BV's "Guidance on LNG Bunkering NI 618" focuses on the framework to be established between port authorities and bunkering firms before any commercial operation, as well as stipulations for before and after each operation, emergency management and training.
“We really believe that LNG has great potential as a clean fuel for shipping,” says Jean-Francois Segretain, technical director of BV Marine and Offshore Division. “But fears over its availability in the bunker chain are holding back owners from adopting it. Part of the issue is that ports and terminals wishing to provide LNG as bunkers and shipowners wishing to have LNG-powered ships do not have agreed international standard bunker procedures to work to.”
Segretain echoes the sentiment of new IACS chairman Philippe Donche-Gay who indicated the need to “develop common procedures for LNG bunkers” in his appointment speech.
Recently, a number of LNG Bunkering projects have taken off in Europe ahead of the entering into force of the 0.1% sulphur limit in the North Sea and Baltic ECAs, for which LNG is widely held to be a solution. Ports in Antwerp, Portsmouth, Rotterdam and Gothenburg are in the process of setting up facilities, while NYK has ordered the world’s first LNG bunker tanker (pictured).
“We have done a lot of work on risk analysis for LNG bunkering, helping owners such as Brittany Ferries make the decision to switch to LNG as a fuel,” Segretain continues.

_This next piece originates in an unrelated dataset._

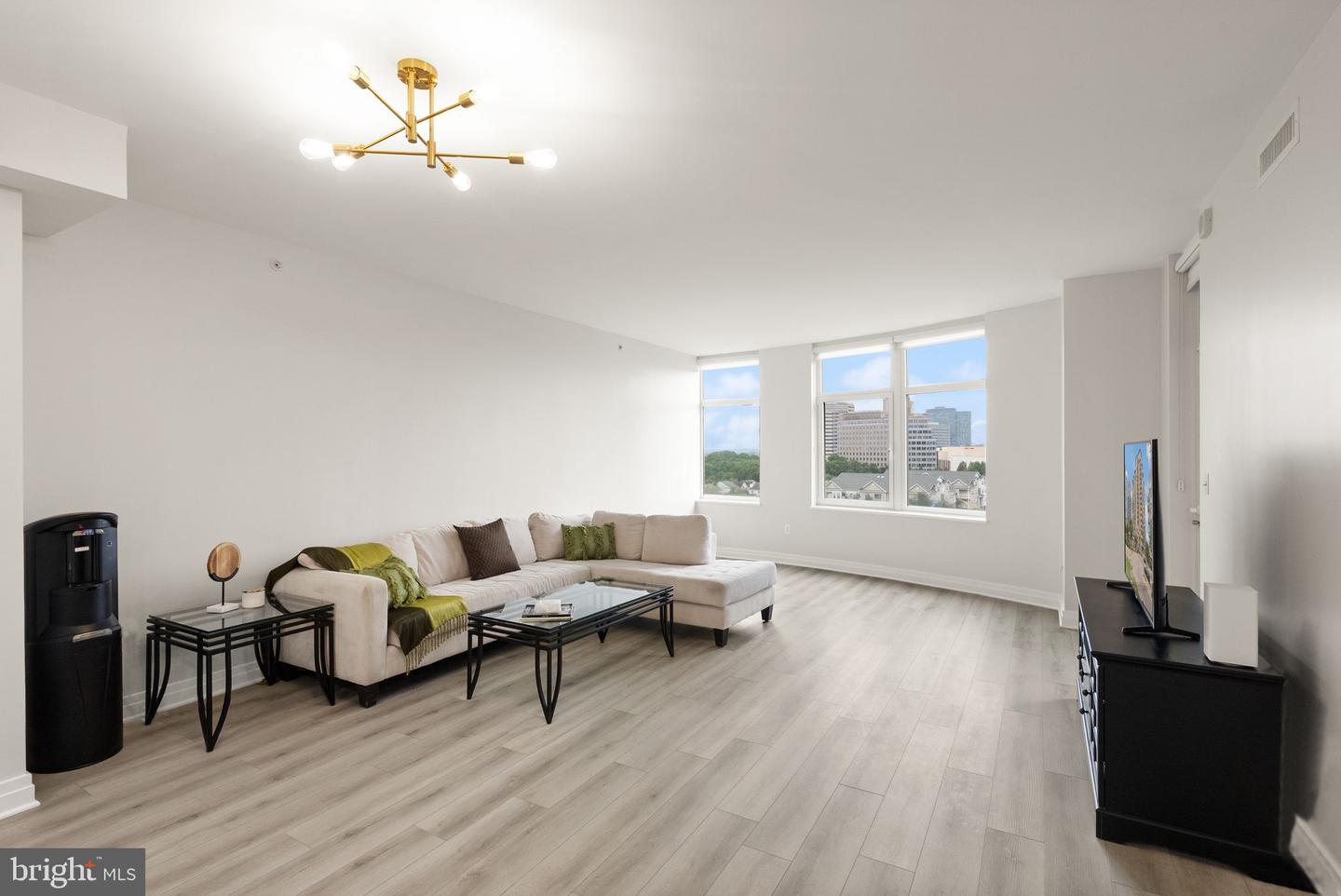 8220 CRESTWOOD HEIGHTS DR #1210, MCLEAN, Virginia 22102, 1 Bedroom Bedrooms, ,2 BathroomsBathrooms,Residential,For sale,8220 CRESTWOOD HEIGHTS DR #1210,VAFX2268534 MLS # VAFX2268534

“We are not talking about specifying the equipment, which will be done by the ISO, we are talking about managing the risks and getting the procedures and people part of this right. We can also provide training for all the personnel involved, from the senior ship management and the engineer receiving the LNG and the port management and LNG bunker staff delivering it. LNG is the future, and confidence in safe handling of it is the key to progress. We can deliver that confidence.”